So everyone goes ahead and makes their dialect of RSS and pushes that. Apple did this with iTunes and so did YouTube.

What clearly needs to happen is that RSS needs to have a refresh. The common uses cases need to be integrated into the standard.


“Dialect” implies that this is ad hoc, but the RSS 2.0 standard specifies a way to extend the format and that is through namespaces, which is exactly what Apple does with the iTunes namespace. This is a good way to extend the format IMO: no breaking changes and the opportunity to grow.


In practice the incompatibility comes less from new invented fields (that happens rarely and when it does it has a namespace attached to it most of the time), and more how certain fields are interpreted, which fields are used, etc. Something as simple as showing a short summary of an item varies significantly by player.


With podcasts at least there's a solid effort behind this with the podcast namespace (https://github.com/Podcastindex-org/podcast-namespace) - unfortunately there's very little uptake on the player side.


>We have a huge internal document of how RSS elements map to UI in every player

From another comment:

>The problem is that there are huge swaths of use cases that are not covered by the current rss standard.

Have you considered turning that document into a RFC to establish a standard?


The problem is there's not really even a defacto standard. At least as far as podcasts are concerned, some players will use certain fields in completely different ways, ignore other fields, include their own vendor specific fields (with some other players adopting those vendor specific fields).


It would be nice if you’d made those findings publicly available.


Yeah, that's a really good idea and made me put on my list to make that public (there's a couple of issues with it being public in the state it is in now)


This sounds like a lot of fun (to me!), where do you work, if you don't mind me asking, and are you hiring by any chance?


Always! Reach out at ryan at supercast dot com



This list should include an exhortation to add an xml-stylesheet processing instruction to your feed, so people who have no idea what RSS is aren't dumped into a blob of raw XML before backing out and concluding that they're not supposed to be there. There's an already-baked XSL template available on aboutfeeds.com that you can pretty trivially copy onto your Web server and link to from your feed. We're better off if more people are aware of RSS, and having a simple way to teach them is useful.


That sounds interesting. Do you have an example of this in the wild?

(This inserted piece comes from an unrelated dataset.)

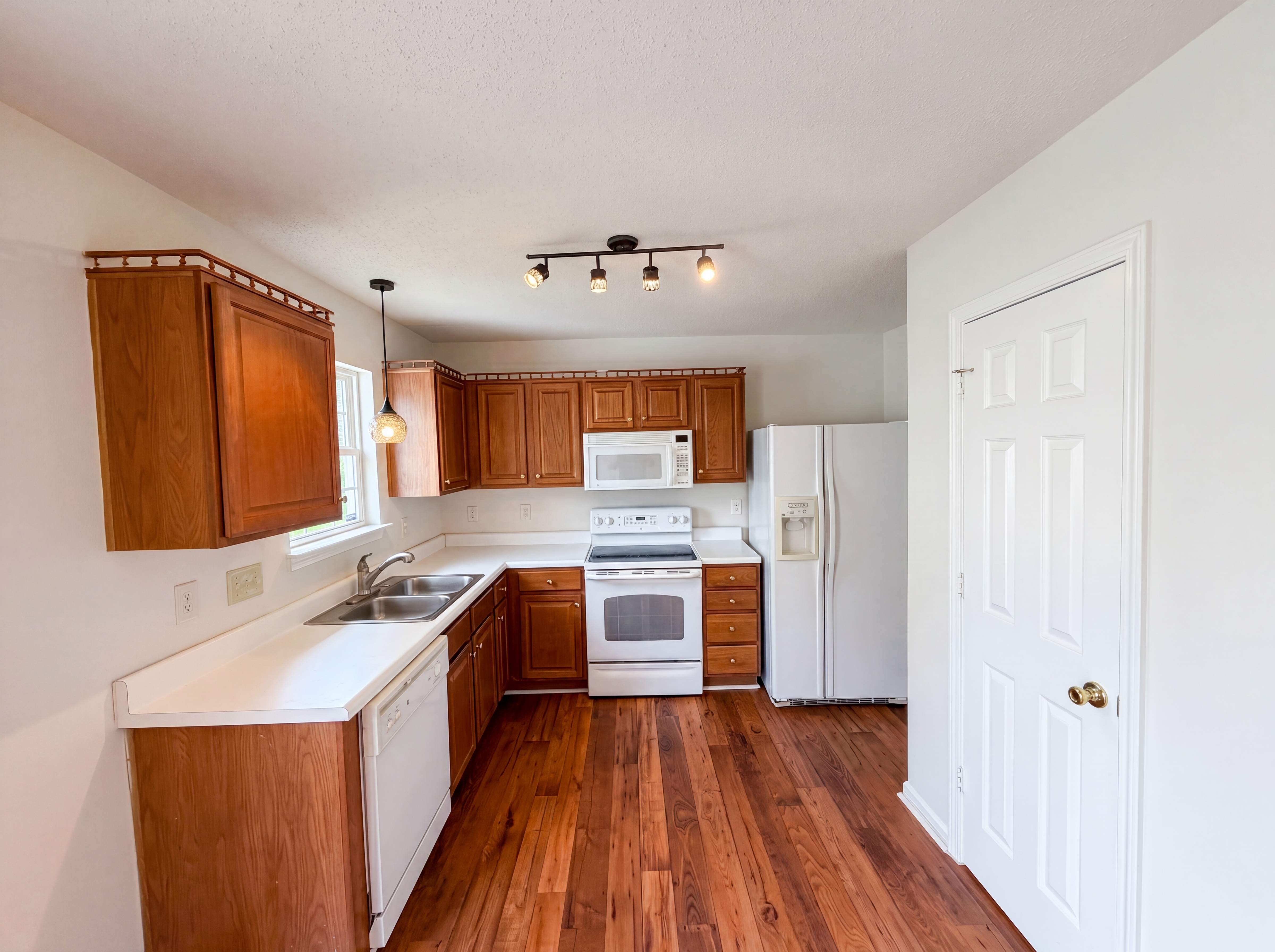 Photo 2 of 18 of 1841 Mission Oaks St, Kannapolis, NC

I offer my site as another example: https://chrismorgan.info/blog/tags/make/feed.xml (a subset chosen, just because the feed with everything is fairly large and loads stuff from a few origins). Stylesheet at https://chrismorgan.info/atom.xsl.

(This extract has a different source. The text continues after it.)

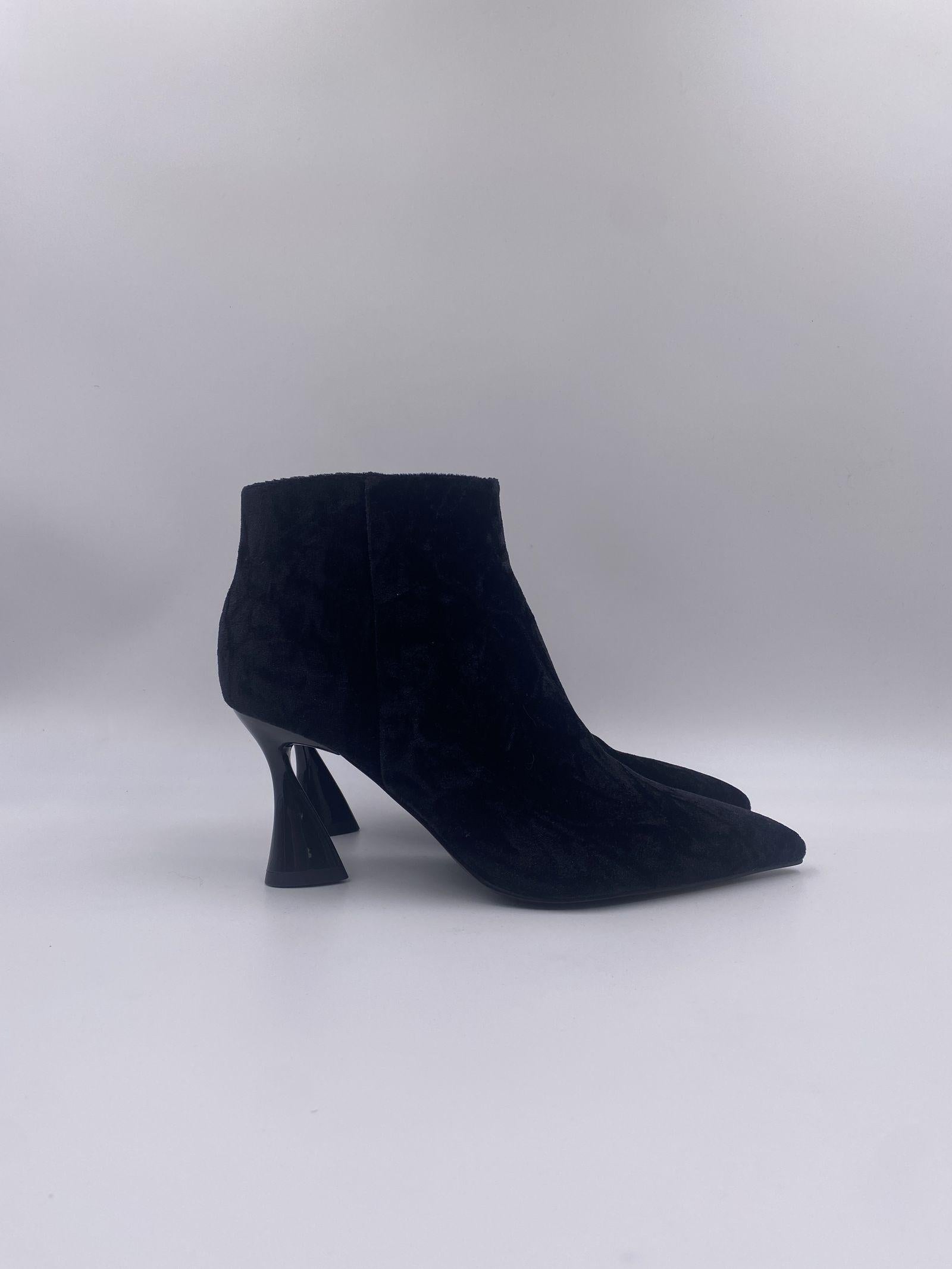 Tronchetto in velluto PJ584A NERO JEANNOT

This is considerably more correct, robust and featureful than any others I’ve seen, just because I could (I don’t even use most of the stuff I’ve implemented for it, though some like enclosures I have draft content using). It handles Atom’s text constructs (where content can be provided in XHTML, HTML or text format), and the common attributes xml:lang and xml:base, none of which I’ve seen any other stylesheet handle correctly.

I also produced an RSS variant, since you basically have to use the inferior RSS for podcasts. That’s not in use on my site at this time, so I’ve dropped a copy at https://temp.chrismorgan.info/2022-05-10-rss.xsl for now. But please, use Atom. RSS is a lousy format that causes some genuine problems and should have been completely retired fifteen years ago, and the only thing that actually needs it still is podcasts.


Here's the RSS for the blog of the aboutfeeds.com maintainer (genmon here on HN—including here in the comments to this submission): <https://interconnected.org/home/feed>

If you wanted an informal list of people making use of this pretty-feed.xsl specifically, it would be possible to solicit that sort of thing through GitHub and see if others come out of the woodwork to identify themselves.


Thank you, this is helpful. :)


FeedBurner is well know for doing this. For example https://feeds.feedburner.com/GoogleAppsUpdates


I know it used to be that, but it looks like an ordinary HTML web page now.


Hmm, I swear that I viewed source and saw XML but you are right. It is definitely just HTML now.


Another best practice would be for a page to prioritize the order of multiple feeds: eg many Wordpress have the comments feed listed first and feed readers assume that that is the page feed.


I’ve fallen for this so many times. I like an article and decide to subscribe to the rss feed only to have a bunch of comments show up in my reader. If I have to view source to find the right url, I’m probably not going to subscribe.


Thanks, I'll add a note on the page. I don't know how consistent ordering is but it seems like a good idea anyways.


That blog post is packed with useful info.

See also https://discovery.thirdplace.no/?q=kevincox.ca for feed discovery. Disclaimer: I built it.


RSS Feed Best Practice #1: make sure your service/site/resource has a feed.

Am I missing something or is this site missing one?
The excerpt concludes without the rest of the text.